Par cette injonction, Nietzsche nous contraint à regarder profondément en nous, pour exhumer ce qui fait de nous quelqu’un d’unique.
Cette requête propose aussi son idée de l’absolu : se définir par soi-même uniquement, sans considération pour les choses annexes qui nous entravent. Trouver ses propres valeurs, sans lien avec l’action des autres.
Allez, une autre phrase que je trouve sublime :
Mais je vis de ma propre lumière, j’absorbe en moi-même les flammes qui jaillissent de moi…
Puis devenir enfin son propre maître !
L’ESPRIT VEUT MAINTENANT SA PROPRE VOLONTÉ, CELUI QUI A PERDU LE MONDE VEUT GAGNER SON PROPRE MONDE.

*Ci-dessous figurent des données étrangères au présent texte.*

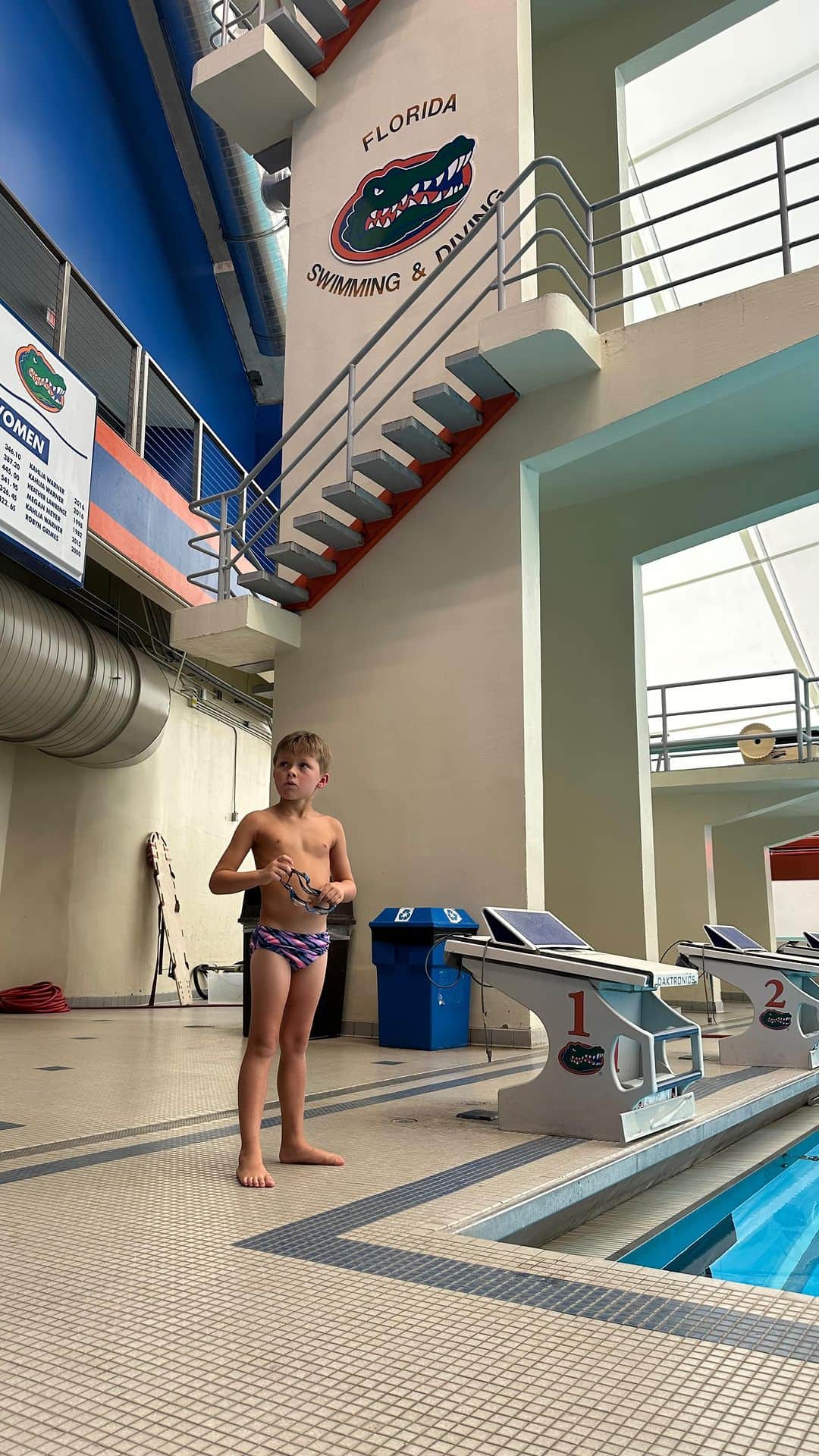 ライアン・ロクテのインスタグラム：「Loves a pool, may love the divers trampoline more 🏊‍♂️🐊 #littlegator」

Dans le sable jaune brûlé par le soleil, il lui arrive de regarder avec envie vers les îles aux sources abondantes où, sous les sombres feuillages, la vie se repose. Mais sa soif ne le convainc pas de devenir pareil à ces satisfaits ; car où il y a des oasis il y a aussi des idoles. Affamée, violente, solitaire, sans Dieu : ainsi se veut la volonté du lion. Libre du bonheur des esclaves, délivrée des dieux et des adorations, sans épouvante et épouvantable, grande et solitaire : telle est la volonté du véridique. C’est dans le désert qu’ont toujours vécu les véridiques, les esprits libres, maîtres du désert ; mais dans les villes habitent les sages illustres et bien nourris, les bêtes de trait.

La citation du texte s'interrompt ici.